The LSO should be held to a higher standard than this. We should expect evidence-based policy-making in the administrative state, especially where the LSO has the means (through the exorbitant fees it charges) to conduct properly designed research studies and to lessen the informational uncertainty designed to solve the problem. Some literature in administrative governance focuses on the cost of acquiring information within public institutions. Here, the costs for the LSO on this particular problem are not particularly high. And yet, we are left with a dog of a policy mechanism, one that is unlikely (even on a common sense basis) to solve the problem it purports to solve. At the same time, the costs of implementing it and enforcing it—both monetary and constitutional—are high.

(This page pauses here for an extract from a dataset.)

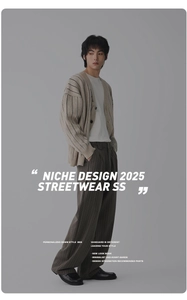 Detaillierte Ansicht der beige Strickjacke und der grau gestreiften Weithosen-Kombi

All of this puts the SOP on the horns of the dilemma. Either it does something to accomplish the goal it sets out—it compels people to concern themselves with EDI as the LSO understands it—or it does nothing to accomplish anything, in which case it is costly. Surely our public regulator, that we ensconce in yearly fees, can do better.

This is fundamentally different than the claim that the SOP doesn’t go far enough. The problem is that it doesn’t go anywhere at all. I doubt it will solve any problem whatsoever.